REVIEW. Once again, I have gone through this process very deliberately to show that:

  • it is possible, through the gospel of Christ, to change states and to move from unrighteous to righteous
  • the movement from one state to another is always in the same direction, namely, from spiritually unrighteous to spiritually righteous, and
  • the destination state of “righteous” becomes the eternal state for that person. From that point on, the person is eternally declared righteous.

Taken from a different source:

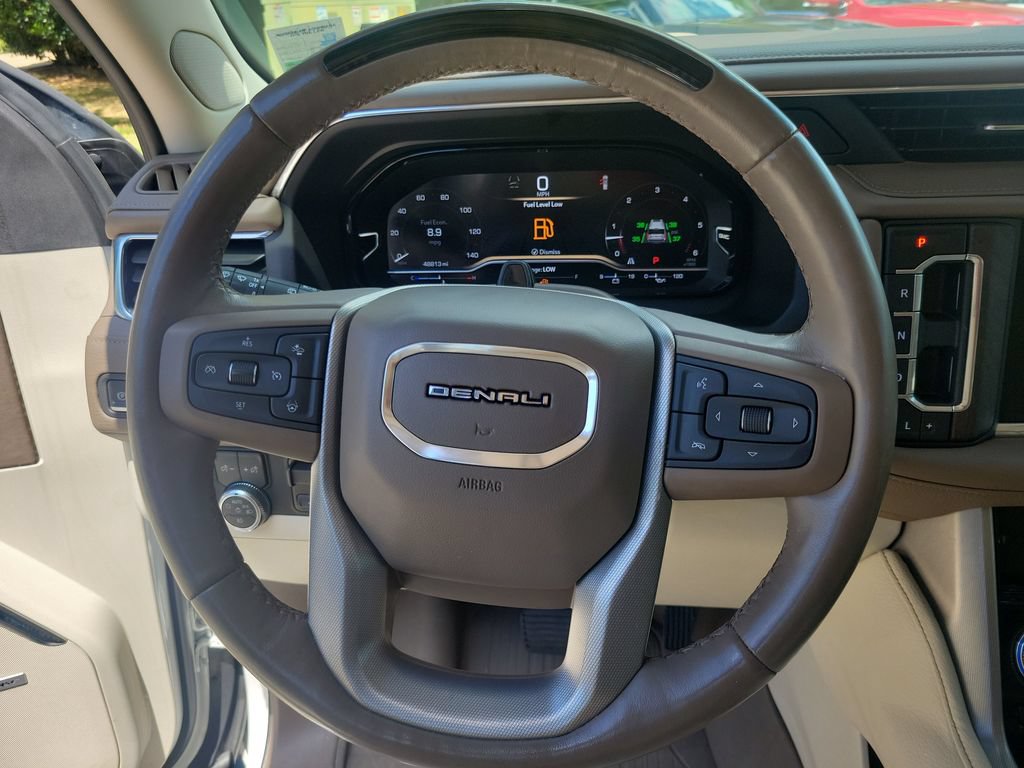 Used 2023 GMC Yukon Denali w/ Denali Reserve Package RWD image 22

As we have considered this movement between absolute states, hopefully it has become clear why the gospel of Jesus Christ is good news for condemned sinners. Through the gospel, the one who is fully spiritually unrighteous in God’s sight and condemned by their sin is not hopelessly doomed to hell, although that is what they deserve. All other means of rescue fail utterly, but for the one who will repent of their sin and confess Jesus Christ as Lord, their faith is credited to them as righteousness. By trusting Christ as Lord and Savior, God declares that person as being righteous, and righteous they remain eternally.

SDG rmb 5/22/2022 #534

Meditations on the righteous and on righteousness – Part 1

INTRODUCTION. The first of a short series of posts giving my thoughts on topics like the absolute nature of being righteous or unrighteous, how it is that one who is wholly unrighteous can become fully righteous in God’s sight, how to reconcile a declaration of God’s righteousness with unrighteous behavior, and others. Degrees in the manifestations of (expressions of, displays of) unrighteousness and of righteousness, and the reason for these degrees.

I want to spend the next few posts considering the concept of righteousness and what it means to be righteous, but before we get too far into these critical topics, it would be good to establish some basic ideas.

“RIGHTEOUS” IS AN ABSOLUTE TERM

Every person who ever lives is either completely righteous or completely unrighteous. That is, “righteous” and “unrighteous” are terms which represent two states or two conditions that are mutually exclusive. You are either 100% righteous or you are 100% unrighteous, and there is nothing in between. “Righteous” and “unrighteous” are words like up or down, top or bottom, yes or no, right or left, on or off, positive or negative. These “either/or” words are called “absolute words” or “absolute terms” because they have no presence of degrees; it is either one or the other.

KEY CONCEPT: In the Bible, “righteous” and “unrighteous” are absolute terms. Every person is either righteous or they are unrighteous, and there is no third category.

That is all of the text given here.